Currently the only fully workable module is the metrics module (cadam_metrics). This module collects metrics data from the nodes in a cluster (eg. memory usage, cpu load or any other metrics data that your application exposes) and shows it real time on charts in a web interface using SmoothieCharts.
There's also a logger module (cadam_logger) but at this point all it does is it logs the events into a text file.

Installation

Requirements

Needs Erlang R13B03 or higher. Needs pam and ssl development packages to build Yaws. Since the backend sends data to the web GUI via a websocket you will need a WebSocket capable browser (eg. Chrome or Firefox 4.0). You can also access the collected metrics data via an API in which case there's obviously no browser requirement.

Clone or Download and Unpack

git clone git://github.com/zsolt-erl/cadam cadam

or

after downloading 
tar -xvzf cadam.tar.gz

Compile

make

Edit conf/cadam.config

You only need to edit this if the cluster you are monitoring is using a different version of the Erlang VM then CADAM is running on or the Event Tracker application (which is part of a standard Erlang install) is not available on the cluster nodes. In this case see comments in the config file.

Edit conf/cadam_cli.conf

If you are running CADAM from the command line (not from the Erlang shell) then edit this to set up the node name and the cookie.

Running

From the Erlang shell

erl -name t -setcookie metis -pa ebin -boot start_sasl -config conf/cadam
Erlang R14B03 (erts-5.8.4) [source] [64-bit] [smp:4:4] [rq:4] [async-threads:0] [hipe] [kernel-poll:false]  
Eshell V5.8.4  (abort with ^G)

Start CADAM app

(t@example.net)1> cadam:start().

=INFO REPORT==== 8-Jul-2011::19:21:02 ===  
Yaws: Listening to 0.0.0.0:9000 for <1> virtual servers:  
 - http://localhost:9000 under priv/www  
Started webserver on port 9000  
Access web gui at: http://localhost:9000/gui  
ok  

Connect to a node on the cluster you want to monitor

(t@example.net)2> cadam:connect(server@example.net).  
['server@example.net']  
(t@example.net)3> nodes().  
['server@example.net','queue@example.net']  

Start metrics collection

(t@example.net)4> cadam:start_module(cadam_metrics).  
Started metrics generators on all connected nodes  
{ok,<0.91.0>}  

List of metrics that are being collected

(t@example.net)5> cadam_metrics:get_all_metrics().
[{'queue@example.net',memory_atom},
 {'queue@example.net',memory_total},
 {'queue@example.net',process_count},
 {'server@example.net',memory_atom},
 {'server@example.net',memory_total},
 {'server@example.net',process_count},
 {'queue@example.net',queue_length}]

Queues of collected values for a metric (explained later)

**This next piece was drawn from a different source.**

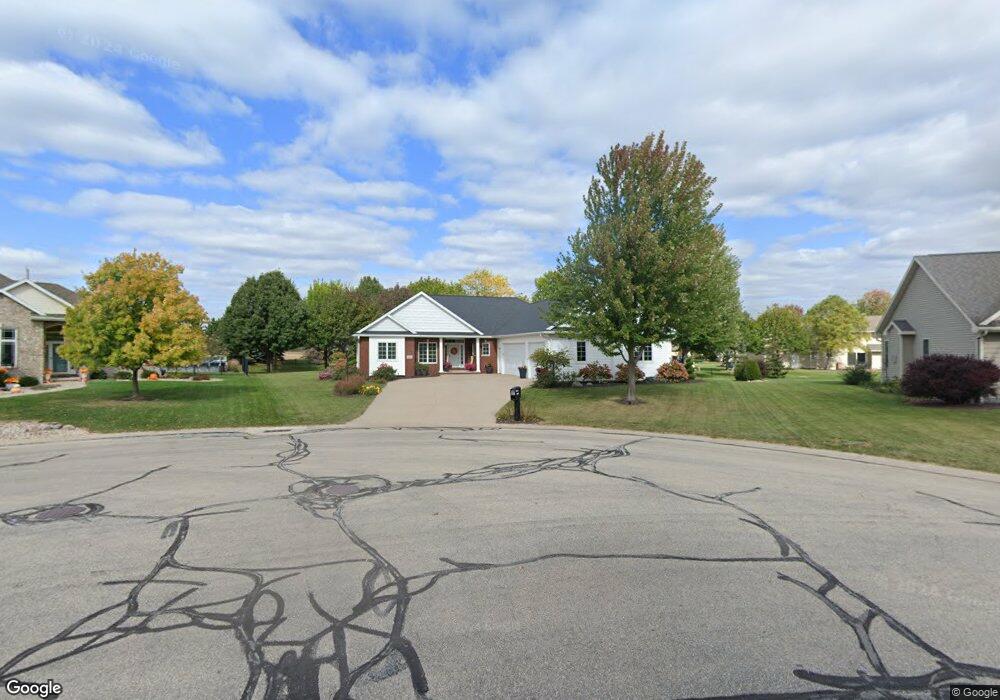 W6082 Sweet William Dr, Appleton, WI 54915 - photo 1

(t@example.net)6> cadam_metrics:get_queues({'queue@example.net',queue_length}).  
{[35812,35813,35814,35815,35816,35817,35818,35819,35820,
  35821,35822,35823,35824,35825,35826,35827,35828,35829,35830,
  35831,35832,35833,35834,35835,35836,35837,35838,35839|...],
 [35938,36049,36161,36288,36414,36525,36637,36764,36892,
  37004,37117,37245,37373,37484,37596,37715,37835,37961,38087,
  38199,38313,38443,38570,39107],
 []}

Stop metrics module

(t@example.net)7> cadam:stop_module(cadam_metrics).  

Stop CADAM app

(t@example.net)8> cadam:stop().  
ok  

From the command line

>./cadam_cli help
Usage: cadam_cli {start|stop|ping|help|nodes|start-module|stop-module|viewer|connect}

>./cadam_cli start

>./cadam_cli connect server@example.net

>./cadam_cli nodes
Nodes connected to the CADAM node:
    server@example.net
    queue@example.net

>./cadam_cli start-module cadam_metrics
Starting module: cadam_metrics ... {ok,<6595.98.0>}

Web GUI

The Web GUI can be accessed at:

http://localhost:9000/gui/

This can be used when the metrics module is running.
The GUI is pretty simple. It show the list of metrics on the left side and there are chart containers on the right side. Drag a metric from the list and drop it onto an empty container. This will subscribe to a feed of the metric's collected values and show it in a chart updated real time.

Queues

Metric values are collected and stored in linked queues. A queue collects values for a certain time interval then averages the collected values, stores this average and also sends it to processes that subscribed to this queue.
The metric module currently has 3 queues for each collected metric with time intervals of 2 sec, 1 min, 5 min. The 2 sec queue sends its average to the 1 min queue at timeout and the 1 min queue sends its average to the 5 min queue. Therefore a process subscribing to the 1 min queue (queue number 2) will receive {QueuePid, tsqueue, Average} messages every 1 minute.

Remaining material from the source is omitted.